A parliamentary select committee is currently investigating cryptocurrencies, raising the prospect of some form of extra controls.

Detective Inspector Craig Hamilton, national manager of New Zealand Police’s financial crime group, said some crimes facilitated by cryptocurrency would not occur in their absence, with ransomware being a ‘‘classic’’ example.

‘‘In the absence of cryptocurrency, we potentially wouldn’t have the ransomware attacks that we are experiencing around the world,’’ he told the committee.

Hamilton gave his evidence by video link from Waikato, where the district health board is still recovering from a crippling ransomware attack in May.

Insurance broking giant Marsh McLennan has estimated 98 per cent of ransomware cases last year demanded payment in bitcoin because it allowed cyber criminals to receive funds with ‘‘a high degree of anonymity’’.

This week, the GCSB’s National Cyber Security Centre (NCSC) said criminal attacks on significant national organisations had more than doubled in the year to June, singling out ransomware as one of the key threats.

Access to cryptocurrency exchanges provided the infrastructure behind criminal ransomware activity, it said.

‘‘A growing cyber insurance market and larger ransom payments contribute to higher revenues for ransomware actors, who reinvest their earnings to develop new malware and research new targets,’’ the NCSC said.
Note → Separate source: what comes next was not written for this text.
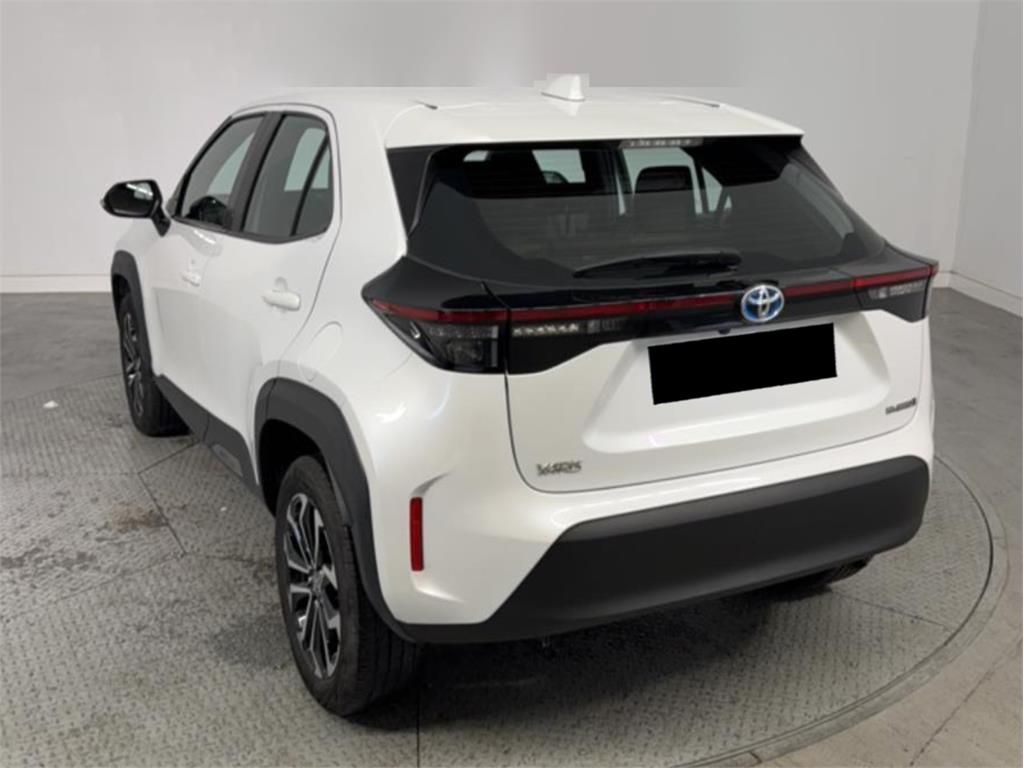 Foto del TOYOTA Yaris Cross 120H Active Tech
The increased use of cryptocurrencies also enabled cyber criminals to launder their proceeds of crime, often without detection, it said.

Californian Research firm Cybersecurity Ventures estimated in June that the global cost of ransomware would spiral from US$20 billion (NZ$28.5b) this year to US$256b by 2031.
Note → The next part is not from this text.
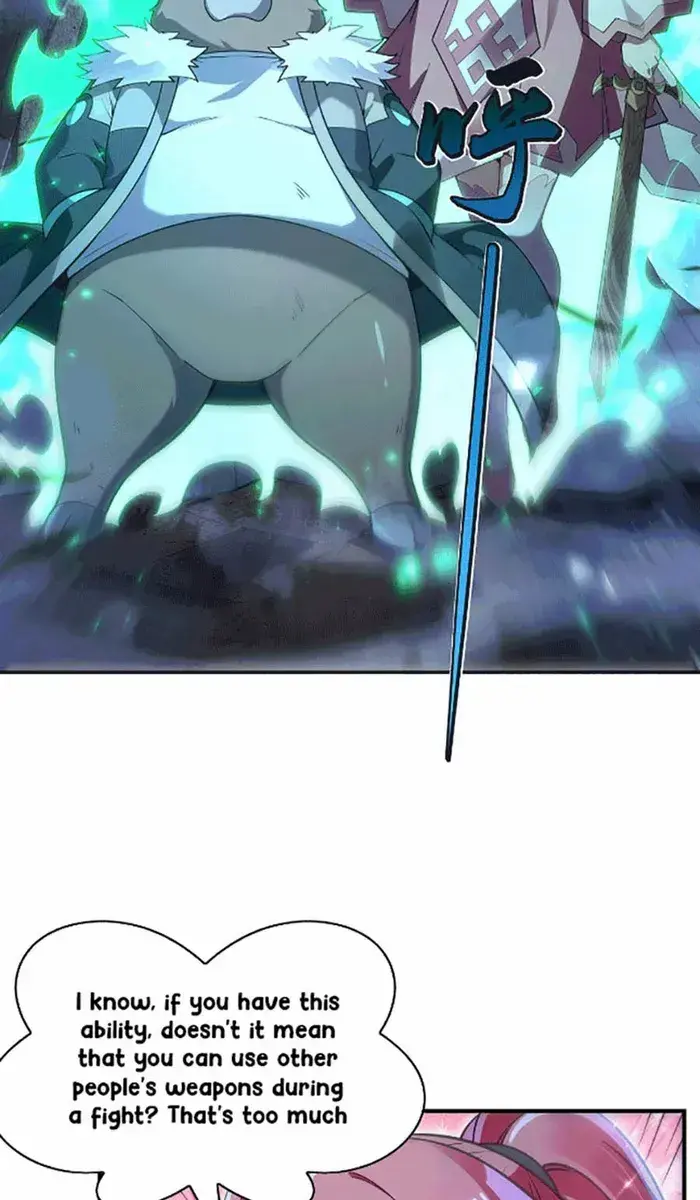 My Female Apprentices Are All Big Shots From the Future Chapter 285 Page 20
Hamilton also told MPs the world would probably see more ransomware-type attacks.

One of the reasons was that regulatory oversight of crypto exchanges was ‘‘very patchy around the world,’’ he said.

‘‘Although cryptocurrency can leave New Zealand with ease, it often ends up in places where it is hard to track and if an exchange . . . is criminally inclined, it is near impossible.

‘‘We will see more of this sort of thing as it is the future of a lot of organised crime.’’

Cryptocurrencies have also attracted criticism because of the electricity involved in their ‘‘mining’’, which often involves the use of huge numbers of computer servers to plough through mathematical calculations.

Britain’s Cambridge University estimated in February that bitcoin consumed 113 terawatt-hours of electricity last year, which is more than 21⁄2 times all the electricity used in New Zealand last year.

But Thorsten Albers, Auckland-based chief innovation officer of cryptocurrency company Citibase, told the select committee that New Zealand should make ‘‘gains and profits’’ from cryptocurrencies tax-free, because they were hard to tax.

‘‘That would make a lot of headlines around the world,’’ he told MPs.

Such a move would bring a lot of blockchain developers to the country, he said. ‘‘New Zealand could be a crypto hub.’’

The Reserve Bank told the committee in September that cryptocurrencies were rarely used as a form of payment by businesses.

But BlockchainNZ, an association of organisations and individuals involved in the blockchain technology that underpins cryptocurrencies, told the committee that they were a source of innovation.

It has appealed to the committee and government agencies to work with the industry before imposing any new regulations, ‘‘particularly in respect of tax law, securities law, anti-money laundering and countering financing of terrorism law and financial service provider law’’.

Adam Dodds, who sits on the board of a number of cryptocurrency companies, said the horse had bolted on crypto and New Zealand risked being left behind.

‘‘I take on board the fact that at the moment, people are trying to figure out exactly how or why they might spend bitcoin,’’ Dodds said.

‘‘But you think about the ‘metaverse’, and where that’s going. It’s all going to be digitised value and you’re not going to pull out your Visa card in the middle of a metaverse and swipe it.’’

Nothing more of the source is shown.